+++ ENTRIES SHOWN +++
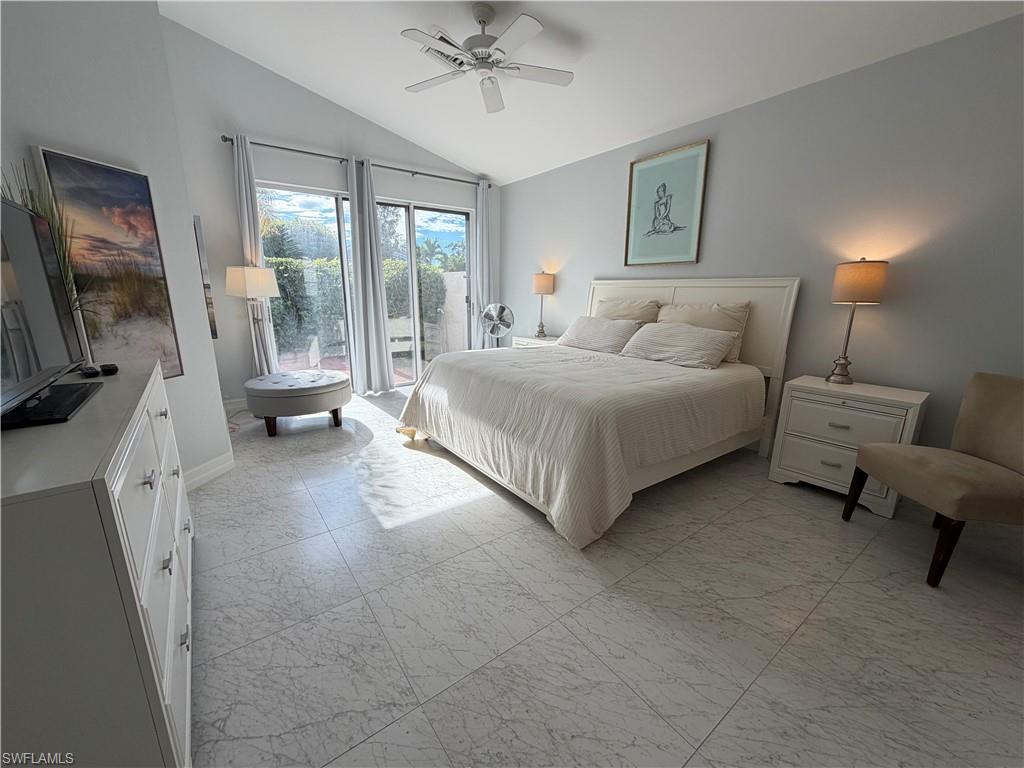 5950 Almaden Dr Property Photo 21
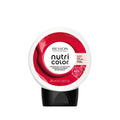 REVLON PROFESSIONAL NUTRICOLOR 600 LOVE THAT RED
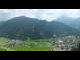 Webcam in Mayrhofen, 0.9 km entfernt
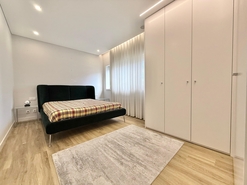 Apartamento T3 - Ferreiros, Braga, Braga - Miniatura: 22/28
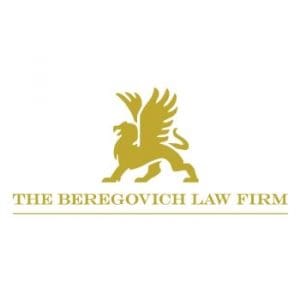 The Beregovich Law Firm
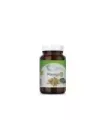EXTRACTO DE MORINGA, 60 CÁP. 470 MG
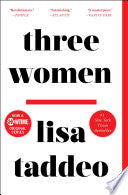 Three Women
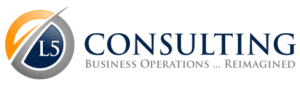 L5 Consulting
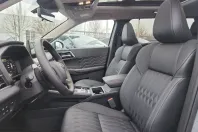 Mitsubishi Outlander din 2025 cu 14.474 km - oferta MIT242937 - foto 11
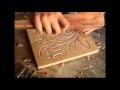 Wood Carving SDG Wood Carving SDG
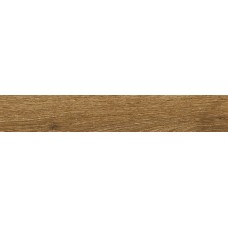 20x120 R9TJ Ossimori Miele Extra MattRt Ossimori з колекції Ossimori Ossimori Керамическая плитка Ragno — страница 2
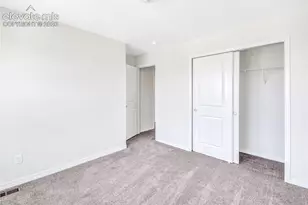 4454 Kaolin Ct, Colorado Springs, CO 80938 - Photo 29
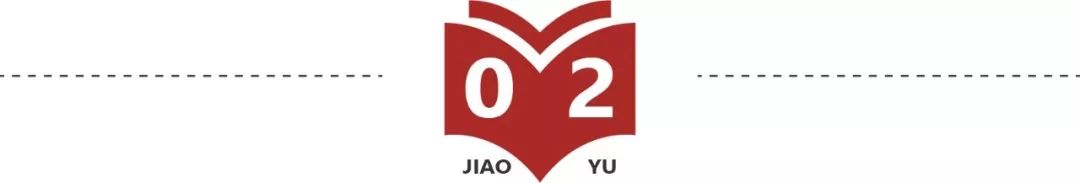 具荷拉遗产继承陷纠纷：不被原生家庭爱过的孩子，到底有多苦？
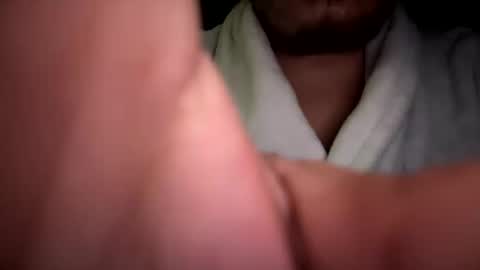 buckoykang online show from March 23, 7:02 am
+++
**EXERCISE GOAL:** Copy nothing outside the span: please output the lines from the one with "4454 Kaolin Ct, Colorado" through the end of the entries above, and skip the pictures.

**REPLY:**
 4454 Kaolin Ct, Colorado Springs, CO 80938 - Photo 29
 具荷拉遗产继承陷纠纷：不被原生家庭爱过的孩子，到底有多苦？
 buckoykang online show from March 23, 7:02 am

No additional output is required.